## [TASK PROMPT]
Your response must be an exact transcription of the lines from the one containing "En 2023 Bianca" through the final line of the data.

## [SOURCE DATA]
# # #
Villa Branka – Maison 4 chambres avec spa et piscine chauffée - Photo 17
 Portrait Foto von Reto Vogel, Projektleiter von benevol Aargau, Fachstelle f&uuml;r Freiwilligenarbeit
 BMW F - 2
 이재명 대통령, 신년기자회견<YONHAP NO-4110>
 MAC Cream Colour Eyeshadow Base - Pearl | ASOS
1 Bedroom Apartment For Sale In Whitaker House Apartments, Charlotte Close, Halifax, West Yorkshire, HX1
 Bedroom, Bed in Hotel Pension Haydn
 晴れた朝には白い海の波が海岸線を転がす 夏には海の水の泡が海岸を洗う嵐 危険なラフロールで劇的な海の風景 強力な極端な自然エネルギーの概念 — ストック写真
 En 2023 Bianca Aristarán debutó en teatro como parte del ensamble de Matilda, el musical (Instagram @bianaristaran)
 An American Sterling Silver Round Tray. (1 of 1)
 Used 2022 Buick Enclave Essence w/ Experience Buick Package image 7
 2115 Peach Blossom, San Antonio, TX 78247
# # #
## [ANSWER TO THIS EXERCISE]
 En 2023 Bianca Aristarán debutó en teatro como parte del ensamble de Matilda, el musical (Instagram @bianaristaran)
 An American Sterling Silver Round Tray. (1 of 1)
 Used 2022 Buick Enclave Essence w/ Experience Buick Package image 7
 2115 Peach Blossom, San Antonio, TX 78247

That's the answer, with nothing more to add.